Provided data
■ ■ ■ ■ ■ ■ ■

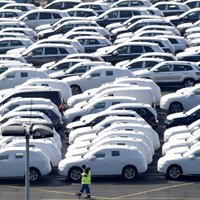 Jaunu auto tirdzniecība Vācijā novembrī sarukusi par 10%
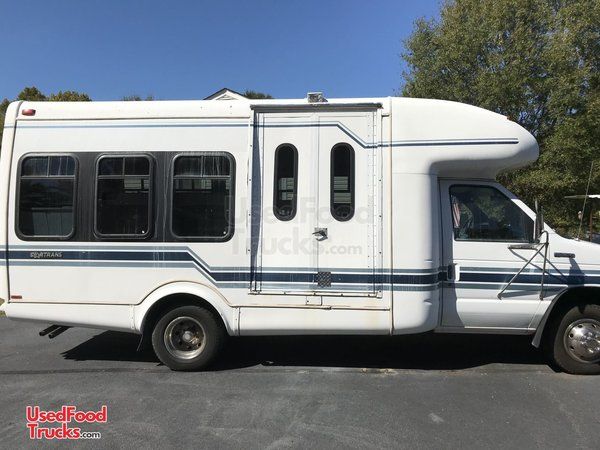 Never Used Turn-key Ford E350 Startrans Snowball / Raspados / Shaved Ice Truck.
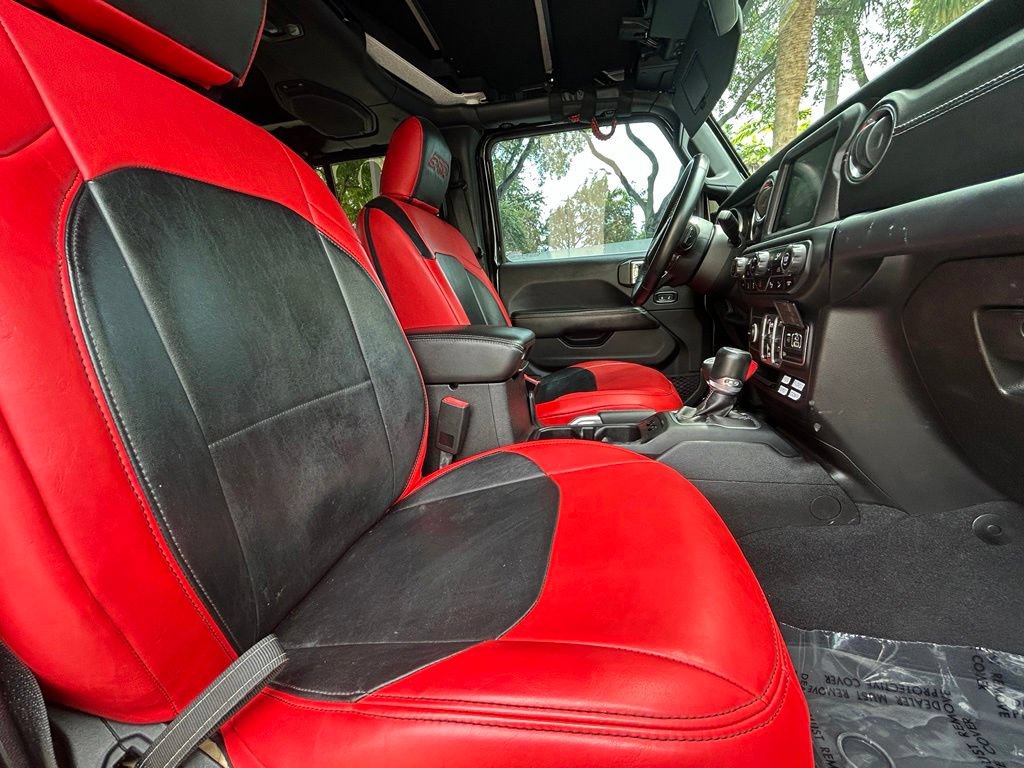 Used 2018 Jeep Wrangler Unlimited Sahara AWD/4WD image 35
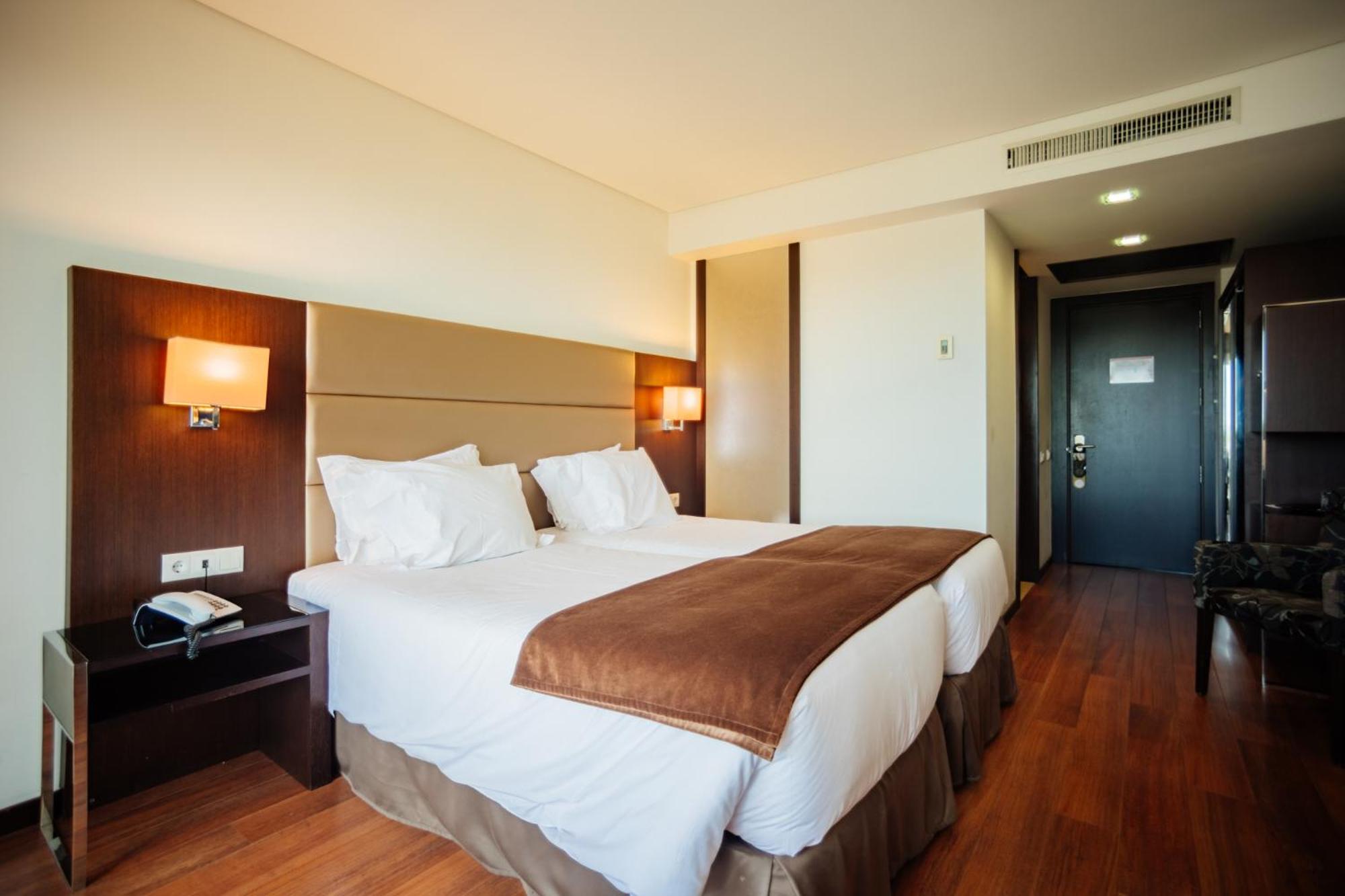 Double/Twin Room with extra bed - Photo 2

■ ■ ■ ■ ■ ■ ■

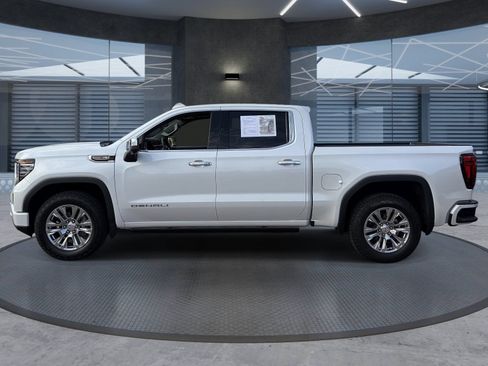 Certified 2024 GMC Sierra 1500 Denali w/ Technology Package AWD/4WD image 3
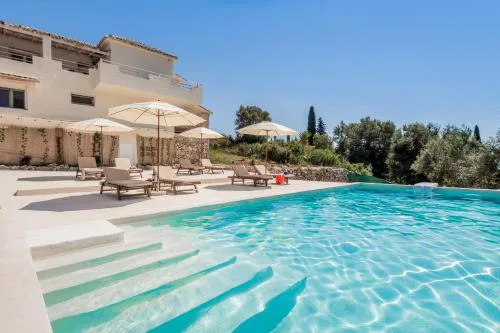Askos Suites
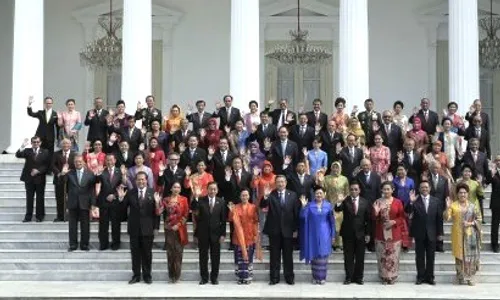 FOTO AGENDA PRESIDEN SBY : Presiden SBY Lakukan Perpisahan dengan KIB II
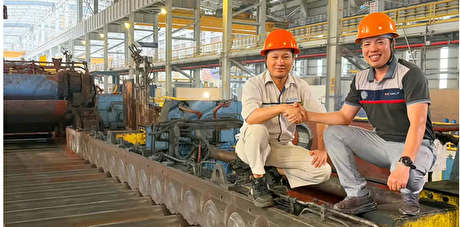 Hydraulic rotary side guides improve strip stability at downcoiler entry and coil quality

■ ■ ■ ■ ■ ■ ■

Task objective
Only one stretch of the listing above is to be duplicated: the lines from the one containing "Jaunu auto tirdzniecība" through the one containing "Double/Twin Room with extra bed - Photo 2", both included. Copy them exactly, minus the pictures.

Solution
 Jaunu auto tirdzniecība Vācijā novembrī sarukusi par 10%
 Never Used Turn-key Ford E350 Startrans Snowball / Raspados / Shaved Ice Truck.
 Used 2018 Jeep Wrangler Unlimited Sahara AWD/4WD image 35
 Double/Twin Room with extra bed - Photo 2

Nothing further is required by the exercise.